I also see significant value in the partnerships and agreements that BPMC has established over the past decade. These were both important for the first two FDA approvals, and should be a continued factor in allowing commercial success moving forward. At the same time, there are also some murmurings that one of the larger partners may be seen as suitors, particularly after a recent Bristol Myers (BMY) acquisition. Regardless of whether BPMC slowly matures into a large cap or quickly becomes acquired, the upside potential seems fairly positive.

Conclusion

Blueprint Medicines is a high value early stage biotech company, but with a proven platform, numerous collaborations and partnerships, and increasing shots on goal. As such, I find Blueprint has a higher probability of success in turning into a mature multi-approval biotech company that can lead to earning a status of mature biotech. Therefore, BPMC is well suited for recurring investments over the next few years, but only for long-term oriented investors. Just be wary of both the failure to expand indications and diversify the pipeline as these are the most important criteria of the long-term thesis.

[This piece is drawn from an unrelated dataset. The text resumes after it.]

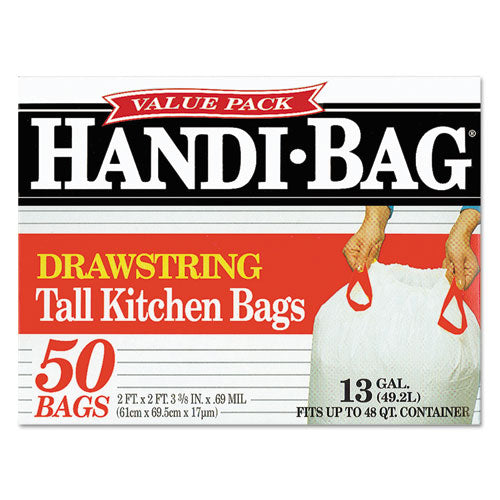 Image of Handi-Bag® 1516848 Drawstring Kitchen Bags, 13 gal, 24" x 27.38", White, 50/Box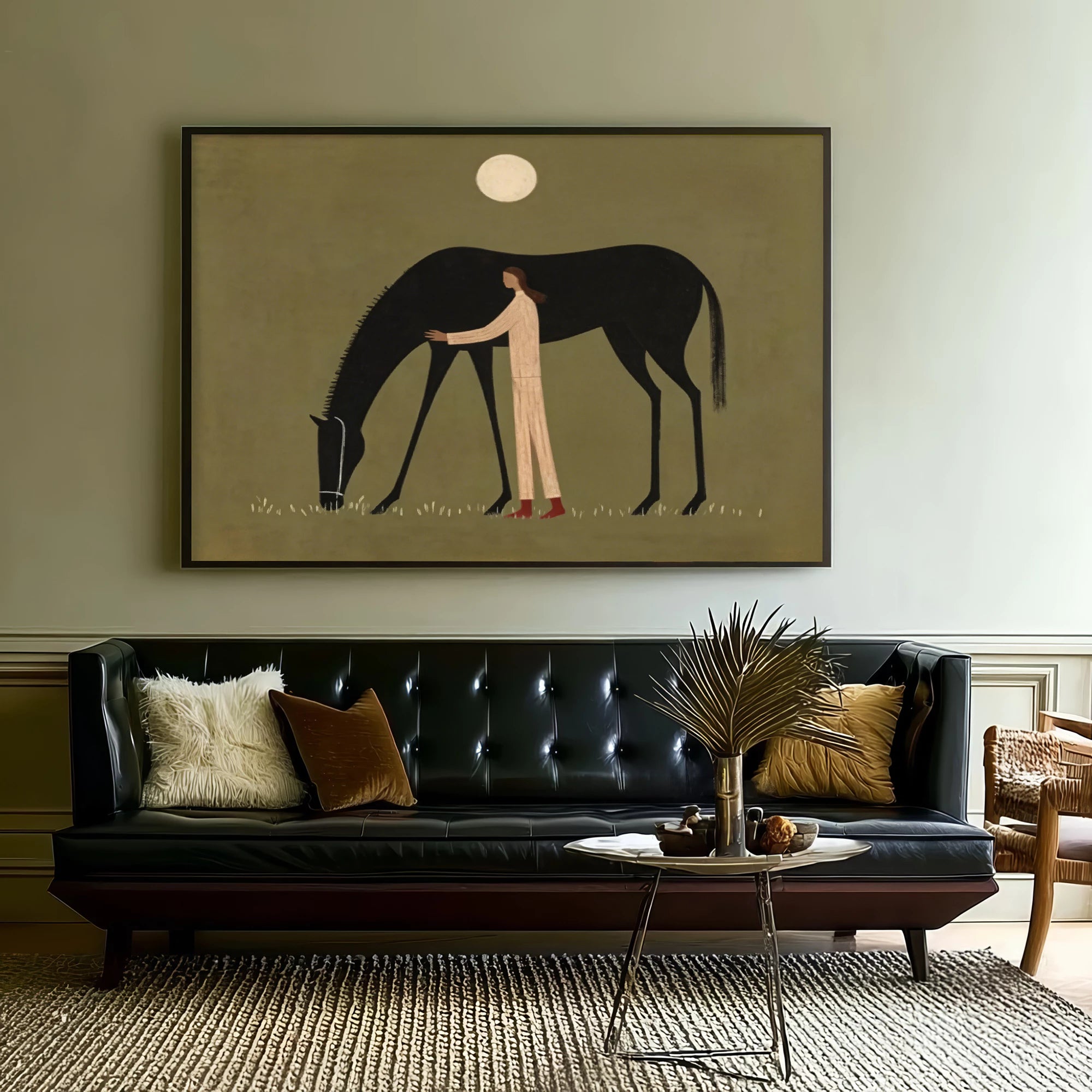 Hand-Painted Figure & Black Horse Oil Painting #AB185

Short-term oriented investors should have some volatility to take advantage of over the next few years, but at some point maturity of the platform may lead to a steady linear growth pattern. Due to the approvals of both AYVAKIT and GAVRETO and relatively advanced clinical trials for expansions, I would hesitate to expect significant downside from current levels. Further upside may also be established in the fact that the RET-based platform is genetic test dependent, and increasing numbers of available patients allows for expanded revenue guidance for current approvals. Therefore, the current high valuation may be supported by investors.